A Princeton professor, finding some time for himself during the summer academic lull, wrote a letter to an old friend a couple of months ago. Brian Kernighan said hello, asked how their visit to the US was going, and disembarked hundreds of lines of code it may add Unicode support to AWK, the text parsing tool he helped create for Unix at Bell Labs in 1977.
“I’ve tested it quite a bit, but clearly more testing is needed,” Kernighan wrote in an email published in late May as a pseudo-commitment on the onetrueawk repo from longtime contributor Arnold Robbins. “Once I figure out how … I’ll try to submit a pull request. I wish I had a better understanding of git, but despite your help, I still don’t have a proper understanding, so it might take a while.”
Kernighan is the letter “K”. AWK, a special-purpose language for extracting and manipulating language that was key to Unix’s pipeline features and intersystem interoperability. Working
awk function (AWK is a language
awk command to invoke it) is critical to both the UNIX Standard Specification and the IEEE POSIX certification for interoperability. There are countless options
awk— including modern Unicode-enabled derivatives — but the “One True AWK”, sometimes known as
nawkis a sort of canonical version based on Kernighan’s 1985 book AWK programming language and its subsequent input.

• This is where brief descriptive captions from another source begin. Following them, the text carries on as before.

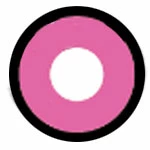 Sweety Crazy Pink Zombie / Manson 6 Sweety Crazy Pink Zombie / Manson - Image 4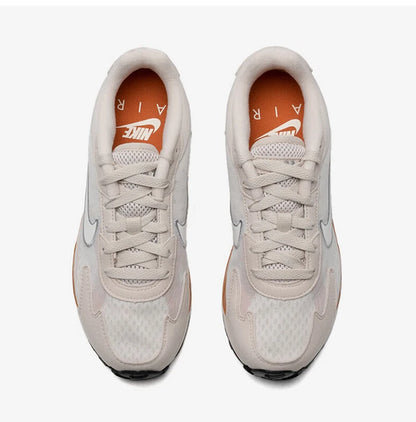 Zapatillas de running ligeras Nike Air Max Solo auténticas para mujer FN0784-105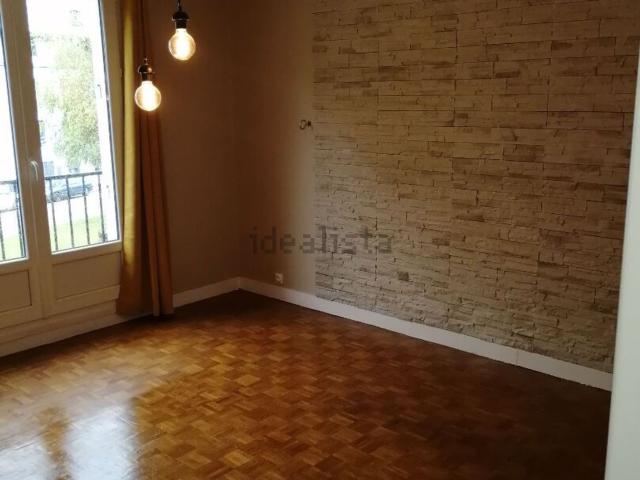 Appartement, Limoges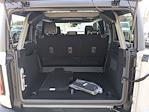 2026 Ford Bronco 4WD SUV for sale #U690073 - photo 31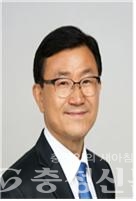 김성배 국민연금공단 천안지사장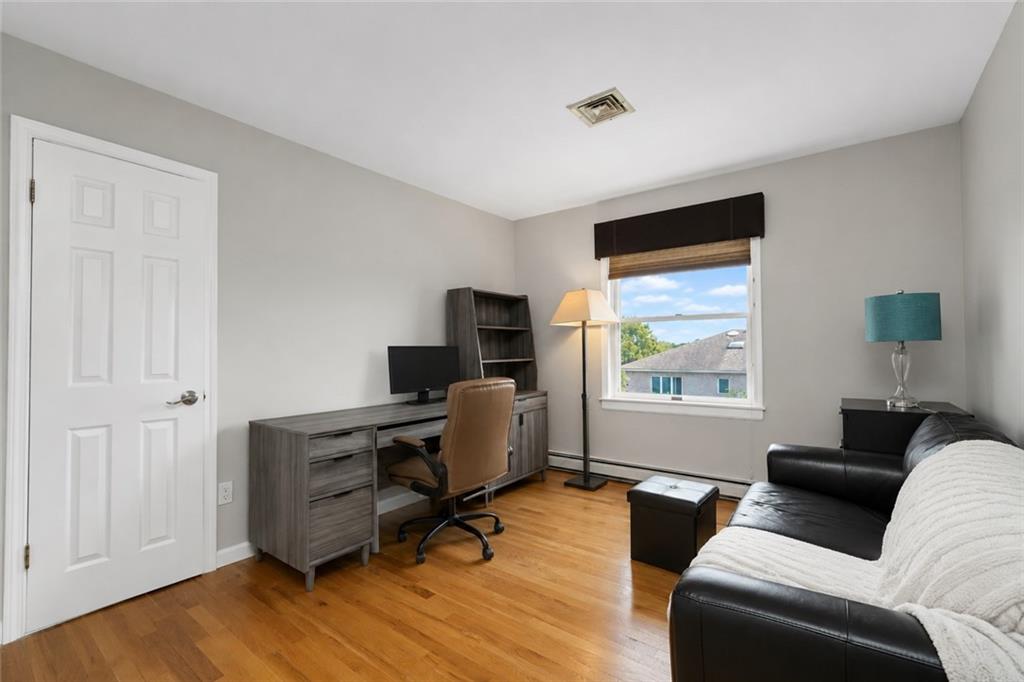 548 Lamont Avenue, Staten  Island, New York, 10312 image 34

Kernighan is also the “K” in “K&R C”, a seminal 1978 book C programming language he co-authored with Dennis Ritchie that follows programmers, in mind and on paper with ears. C’s roots go much deeper. Kernighan taught C to Bell Labs workers and convinced its creator, Richie, collaborate on a book to spread knowledge. This book spawned the “one true style of parentheses,” the endless debates that accompany it, and the structure that underlies every modern programming language.
The onetrueawk repository, where Kernighan appeared in late May, is a relatively quiet place, with 21 contributors, 46 GitHub followers, and commits every few months. As noted by RegisterKernighan’s Unicode fix became known mainly because it was mentioned in an interview with a professor Computerphile’s YouTube channel.
“It was always confusing that AWK only worked with ASCII or maybe 8-bit input, but it doesn’t actually handle Unicode at all,” Kernighan tells Professor David Brailsford. “A few months ago I spent some time working with (laughs) an incredibly old program. At the moment I have it where it will actually handle UTF-8 input and output so you can have regular expressions that, you know, pick Japanese characters, things like that.’
Kernighan, now 80, fondly mentions in an interview that he also did something “quick and dirty” to enable AWK to process CSV files.